By Joel Hall
When shopping for home goods and appliances often required one to travel into the City of Atlanta, Smith Ace Hardware, originally Smith Hardware & Supply Co., gave the people of Forest Park a central place to stop and shop for all their household needs.
Billy T. Smith, the last surviving founder of the Forest Park institution, passed away on Tuesday, Aug. 25, following a battle with prostate cancer. He was 81.
Billy Smith's son, Michael Smith, who spent 40 years working for the hardware store franchise, said his father's store served as an oasis for Forest Park when "there really wasn't much around."
"Small-town businesses were all you had south of Atlanta or really around Atlanta," the younger Smith said. "We were one of the only major mercantile operations in the area. It serviced the city and the community with a wide range of products. We were one of the only General Electrical dealers south of Atlanta in the 1950s. It was the golden age of appliances when nobody had one. We were there to service their needs."
According to friends and family members, Smith Hardware & Supply Co., which was founded in 1947, supplied the Southern Crescent community with wood, building supplies and gardening tools, as well as washing machines, televisions, range ovens and electric blenders.
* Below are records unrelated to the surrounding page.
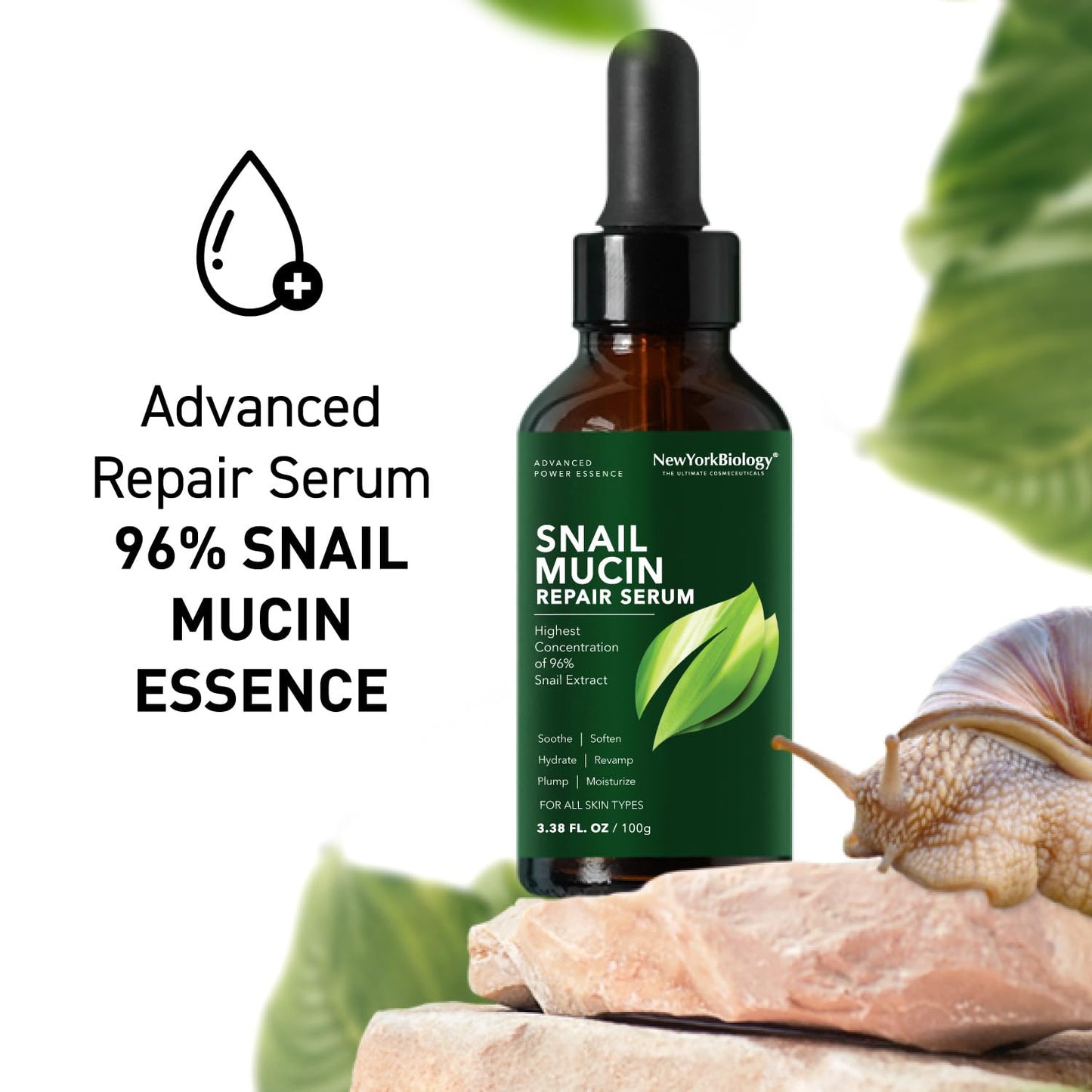 New York Biology - 96% Korean Snail Mucin Serum for Face 3.38 Fl. oz 100 ml – Facial Skin Care Snail Mucin Moisturizer for Dry, Dull Skin and Wrinkles – Skin Care Hydrating Face Serum
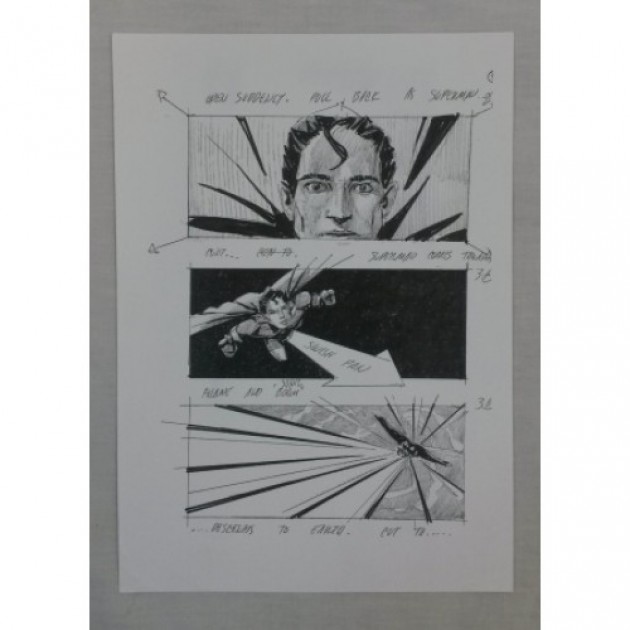 Production Used Storyboard from Superman 3 (1983)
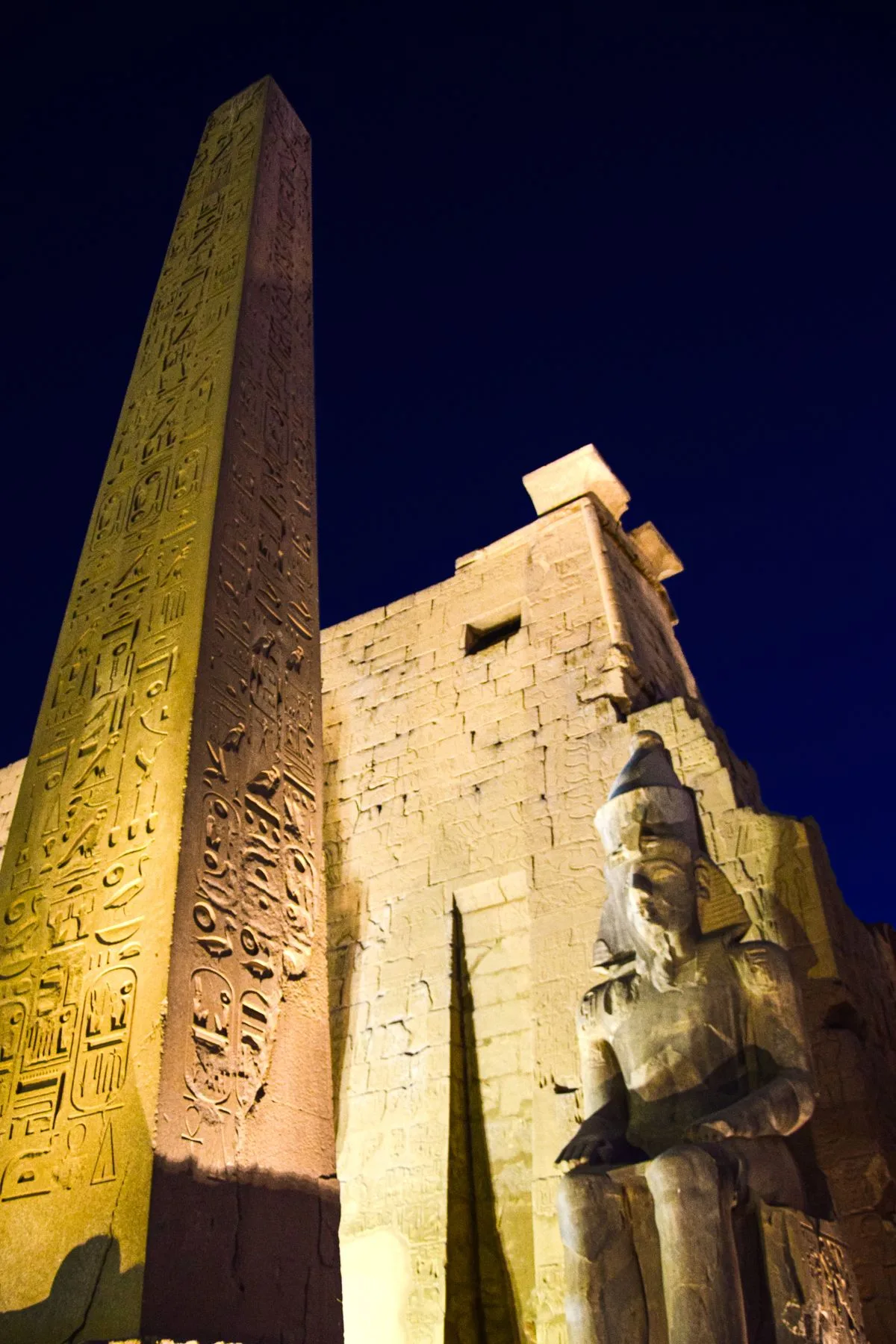 Luxor Temple - illuminated avenue at night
The store moved twice on Forest Park's Main Street before settling at its final location at 858 Main Street, where the Forest Park Army-Navy Store now stands.
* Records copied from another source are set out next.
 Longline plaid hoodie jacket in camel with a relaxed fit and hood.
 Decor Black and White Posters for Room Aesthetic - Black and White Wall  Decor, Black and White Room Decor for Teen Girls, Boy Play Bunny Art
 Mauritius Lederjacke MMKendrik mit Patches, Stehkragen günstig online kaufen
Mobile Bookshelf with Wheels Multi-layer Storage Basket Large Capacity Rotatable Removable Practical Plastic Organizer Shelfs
In 1966, Smith Hardware became Smith Ace Hardware. Michael Smith opened a second Smith Ace Hardware, in Riverdale, in 1985 and operated it for 20 years. In 2006, the Forest Park store closed.
Jim Wood, who went to Jones Memorial United Methodist Church with Billy Smith, said the store in Forest Park was a place where many area residents spent their weekends. He said Billy Smith, who ran the shop along with his brothers, J.W. and Mike Smith, treated everyone with genuine kindness.
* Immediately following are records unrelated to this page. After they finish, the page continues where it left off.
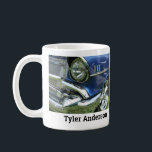 Blue 1957 Chevy Vintage Car Photo, DIY Name Kaffeetasse<br><div class="desc">Blue 1957 Chevy Vintage Car photo with chrome engine and personalized name in black text. Click “Customize” to easily change colors and type styles. You can also replace photo with your photo.</div>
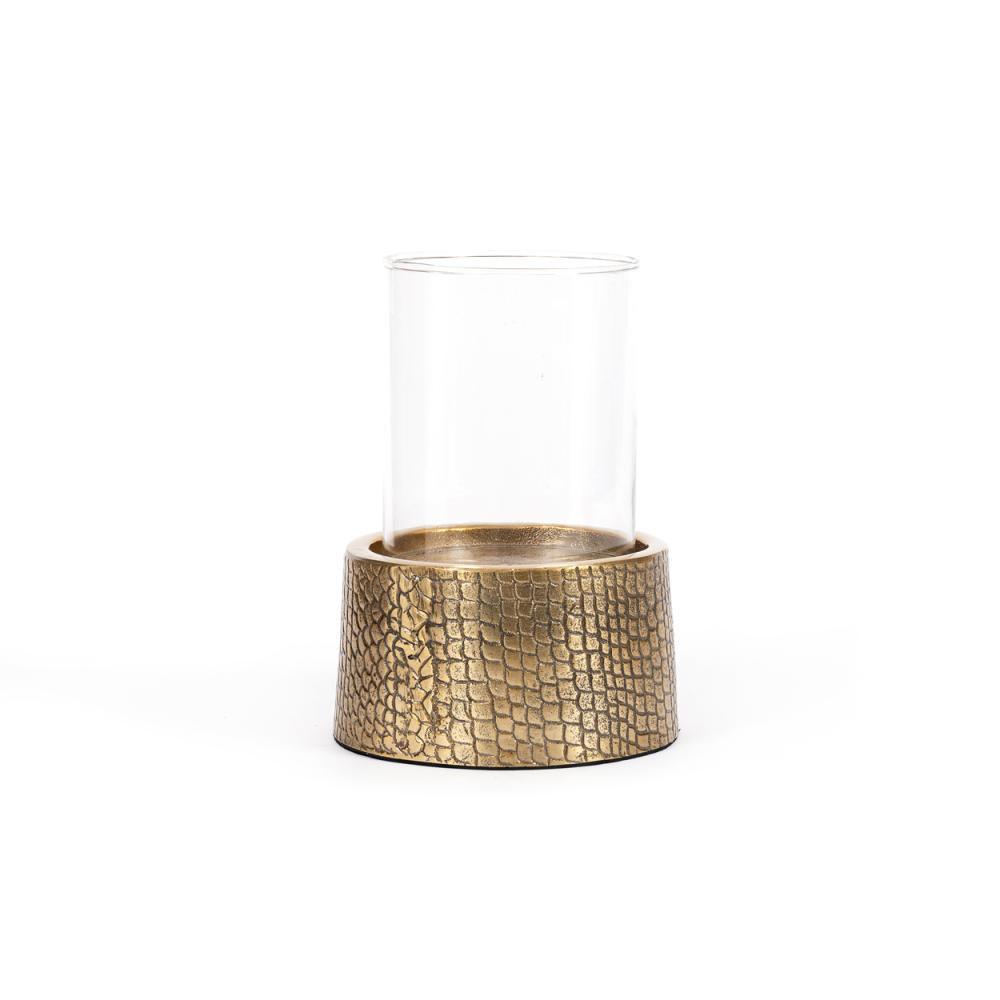 The Croco Candle Holder with Glass - Brass - L , kaarshouder , Bazar Bizar , livinglovely.nl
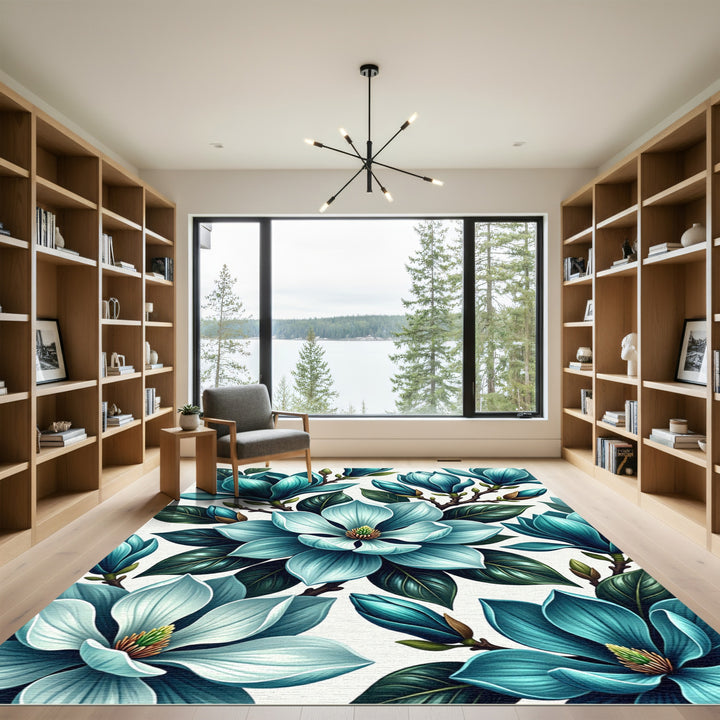 Teal Magnolia Blooms on White Rug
"You had not spent your weekend if you hadn't gone by Smith Hardware to pick up some item for a home project," Wood said. "They usually had every item of hardware and building material that a homeowner might need. The atmosphere was very friendly and the people you met were your friends and neighbors. He was friendly and polite. It wasn't just 'because I'm running this store.' It was genuine friendliness."
Cheryl Lee, Billy Smith's daughter, worked part time in her father's store throughout high school. Lee, a retired pharmacist, said her father knew the store inside and out.
"He was always brilliant with numbers," she said. "The hardware store had thousands of six-digit SKU numbers. He knew many of them by heart and it blew people away. Inventory control before the computer was done in his head. He could remember how many he had of this and that."
To Billy Smith, according to family members, family was paramount. His father passed away when he was 15. Upon graduating from Forest Park High School, he turned down a full scholarship to the Georgia Institute of Technology to take care of his mother. After being drafted to serve in the Korean War and serving in Ethiopia as a part of the Army Signal Corps, he came back to Forest Park to operate the store with his two brothers, who are now deceased.
In addition to family, God was central to his life. According Lee, his shop was always closed on Sundays. Billy Smith was an involved member of Jones Memorial United Methodist Church and played a key role overseeing the church's move from Forest Parkway in Forest Park to a new sanctuary on Phillips Drive in Morrow.
According to Agnes Martin, who in April retired as the church's secretary after 40 years, Billy Smith was not only vital to the growth of the church, but to the growth of the city itself.
"Billy served on just about every ministry that was created over there," Martin said. "He was a part of the committee that drew up the plans for the new church. We moved there in 1980. He sold us everything we had to buy over there at a discounted price. He was generous to a fault.
"The Smiths were like the Kennedys of Forest Park," Martin added. "They were that important to the city. They were intensively vital to the growth of Forest Park."